*** Begin section ***
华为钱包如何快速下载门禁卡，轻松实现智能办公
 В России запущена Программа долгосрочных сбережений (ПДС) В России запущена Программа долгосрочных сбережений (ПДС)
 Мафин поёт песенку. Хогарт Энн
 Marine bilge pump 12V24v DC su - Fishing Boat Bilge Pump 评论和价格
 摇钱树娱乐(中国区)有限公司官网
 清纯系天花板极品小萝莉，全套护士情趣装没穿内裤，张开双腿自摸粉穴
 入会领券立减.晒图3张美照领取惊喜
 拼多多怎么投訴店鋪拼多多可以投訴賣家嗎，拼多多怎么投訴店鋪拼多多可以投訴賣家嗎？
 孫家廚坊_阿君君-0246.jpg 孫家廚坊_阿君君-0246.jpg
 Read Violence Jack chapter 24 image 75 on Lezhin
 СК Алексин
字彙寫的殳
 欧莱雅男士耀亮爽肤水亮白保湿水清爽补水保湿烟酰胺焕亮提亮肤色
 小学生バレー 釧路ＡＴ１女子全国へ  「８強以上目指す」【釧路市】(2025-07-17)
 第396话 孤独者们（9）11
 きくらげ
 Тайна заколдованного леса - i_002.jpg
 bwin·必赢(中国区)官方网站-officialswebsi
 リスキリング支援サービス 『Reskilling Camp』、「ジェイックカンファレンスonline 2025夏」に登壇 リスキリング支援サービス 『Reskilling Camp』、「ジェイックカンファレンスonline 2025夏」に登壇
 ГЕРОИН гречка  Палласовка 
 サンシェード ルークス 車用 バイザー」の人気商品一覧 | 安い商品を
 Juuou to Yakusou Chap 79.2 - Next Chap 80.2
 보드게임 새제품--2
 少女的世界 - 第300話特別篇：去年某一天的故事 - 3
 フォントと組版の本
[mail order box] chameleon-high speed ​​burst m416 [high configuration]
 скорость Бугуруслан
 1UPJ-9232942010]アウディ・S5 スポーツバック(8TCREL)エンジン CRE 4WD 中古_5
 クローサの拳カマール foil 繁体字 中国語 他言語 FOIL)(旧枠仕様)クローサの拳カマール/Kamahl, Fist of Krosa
*** End section ***
TASK TO CARRY OUT → Print exactly and only the lines that start at the line with "清纯系天花板极品小萝莉，全套护士情趣装没穿内裤，张开双腿自摸粉穴" and run through the end of the listing above.

SOLUTION FOR THIS EXERCISE →
 清纯系天花板极品小萝莉，全套护士情趣装没穿内裤，张开双腿自摸粉穴
 入会领券立减.晒图3张美照领取惊喜
 拼多多怎么投訴店鋪拼多多可以投訴賣家嗎，拼多多怎么投訴店鋪拼多多可以投訴賣家嗎？
 孫家廚坊_阿君君-0246.jpg 孫家廚坊_阿君君-0246.jpg
 Read Violence Jack chapter 24 image 75 on Lezhin
 СК Алексин
字彙寫的殳
 欧莱雅男士耀亮爽肤水亮白保湿水清爽补水保湿烟酰胺焕亮提亮肤色
 小学生バレー 釧路ＡＴ１女子全国へ  「８強以上目指す」【釧路市】(2025-07-17)
 第396话 孤独者们（9）11
 きくらげ
 Тайна заколдованного леса - i_002.jpg
 bwin·必赢(中国区)官方网站-officialswebsi
 リスキリング支援サービス 『Reskilling Camp』、「ジェイックカンファレンスonline 2025夏」に登壇 リスキリング支援サービス 『Reskilling Camp』、「ジェイックカンファレンスonline 2025夏」に登壇
 ГЕРОИН гречка  Палласовка 
 サンシェード ルークス 車用 バイザー」の人気商品一覧 | 安い商品を
 Juuou to Yakusou Chap 79.2 - Next Chap 80.2
 보드게임 새제품--2
 少女的世界 - 第300話特別篇：去年某一天的故事 - 3
 フォントと組版の本
[mail order box] chameleon-high speed ​​burst m416 [high configuration]
 скорость Бугуруслан
 1UPJ-9232942010]アウディ・S5 スポーツバック(8TCREL)エンジン CRE 4WD 中古_5
 クローサの拳カマール foil 繁体字 中国語 他言語 FOIL)(旧枠仕様)クローサの拳カマール/Kamahl, Fist of Krosa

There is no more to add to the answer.